It is incredibly reassuring to know that noble Lords do not need a Minister to answer questions. On many of the issues that we have discussed, we could have done without anyone at the Dispatch Box. I am glad that the noble Lord, Lord Cobbold, has provided an opportunity to discuss the role to the council and I congratulate him on his assiduousness in drawing the amendments together. I have sympathy in terms of the potential confusion that the term ““the council”” raises. Although I cannot get rid of the concept of the council, because it is important in concept and in practice, I am happy to discuss what we meant. In fact, that has already ably been done by the noble Earl, Lord Cathcart, in rather better language when he talked about peer review, because that is part of this. As one looks at the need for collective judgment, one can see a role for these groups of people.
Why have we put forward this organisational model? The term ““council”” is understood to be a permanent and fixed group of people who undertake what is usually a supervisory function. The concept of the council as set out in paragraphs 6 to 10 of Schedule 1 is not that at all. It is not a layer of bureaucracy, but an important part of ensuring that the right decisions are made in the right way, with the right sort of expertise and judgment available.
I do not wish to reiterate what was said earlier, but essentially we have been talking about the IPC consisting of about 35 commissioners of different skills. At various times the chair and the deputy chair will be able to draw upon that expertise in different ways. They will need to be able to bring people with particular skills for particular purposes—and sometimes for different purposes. Those groupings of between five and nine commissioners will, in effect, be the councils of the commission.
The main task of these small groups will be to take the final decision on any application which has been decided in the first instance by a single commissioner. I resist the temptation to try to explain even more clearly than I did earlier about the example of the road junction. I will write to noble Lords, because it is important to spell out that issue. However, the noble Lord was not quite accurate. The single commissioner will bring a report and recommendation to the relevant council of commissioners for their final judgement.

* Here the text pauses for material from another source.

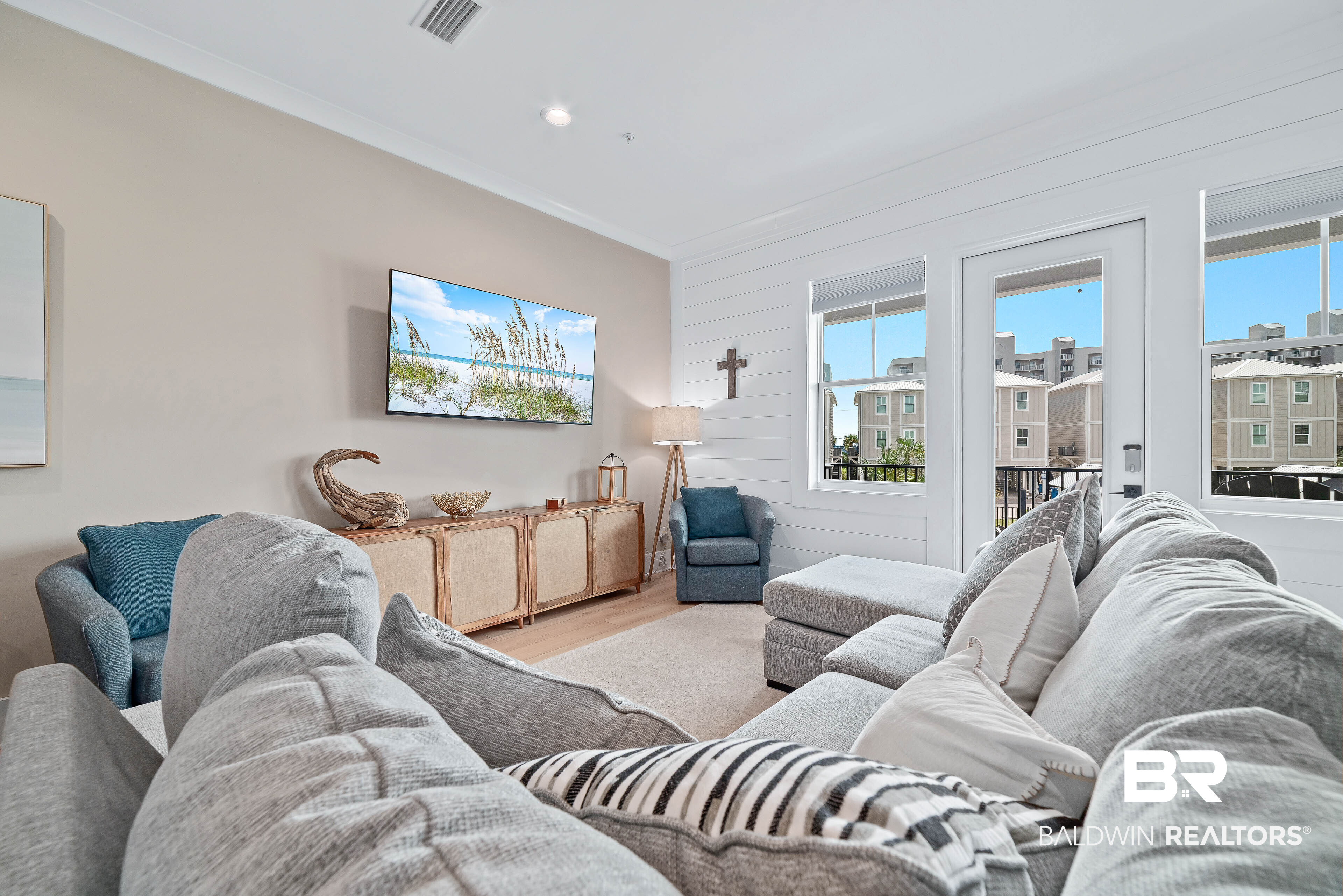 951 W Lagoon Avenue UNIT M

Regarding the point of the noble Baroness, Lady Hamwee, the collective wisdom of the council can be applied to other roles. A council of relevant commissioners will also advise the chair in the first instance as to whether it is appropriate for a single commissioner to take the application, or whether, in light of the complexity of the issue, a panel of three commissioners is needed to take the decision. If appropriate, we can envisage a fixed group of commissioners who might be appointed to decide a particular category of infrastructure—for example, highway cases. In addition, different groups of commissioners with a combination of skills might be appointed on a case-by-case basis.
Perhaps I may give an example of how I think it will work, bearing in mind that the implementation process is very much in its early days. Let us assume that a developer brings forward an application for a port development. The chair, or delegated deputy chair, looking at the range of expertise and experience in the 35 commissioners, might have already put together a council of the most appropriate people to decide in the first instance how the application should be treated. If the decision is that the application can safely be left to a single commissioner, the same council would in all probability take a final decision. The case would be referred to it by the single commissioner on recommendation. I said ““probably”” because we cannot set this in stone. It will be for the common sense and judgment of the chair and deputy chair to decide how this works. The council that makes the final decision could, indeed, include different commissioners if that were appropriate.
If the decision is that the case needs three commissioners to scrutinise complex matters of evidence and so on, those three commissioners could be drawn from the same council. But that need not necessarily be the case if other people with particular skills were needed on that panel. The result will be not the fixed concept of a single council but a series of small councils, sitting at any one time and undertaking different functions. The benefit is that that will produce the opposite of the rigid bureaucracy that one could imagine would be created if everything had to be referred upwards to a single council of 35 commissioners. This allows flexibility and fluidity, and it allows the expertise of commissioners to be moved around. They can be deployed more fluidly and that, in turn, will ensure that they are as effective as possible. It allows for proportionate action and decisions in relation to the relative complexity of the applications, and it allows the maximum use of resources. In short, it gives us better value for money.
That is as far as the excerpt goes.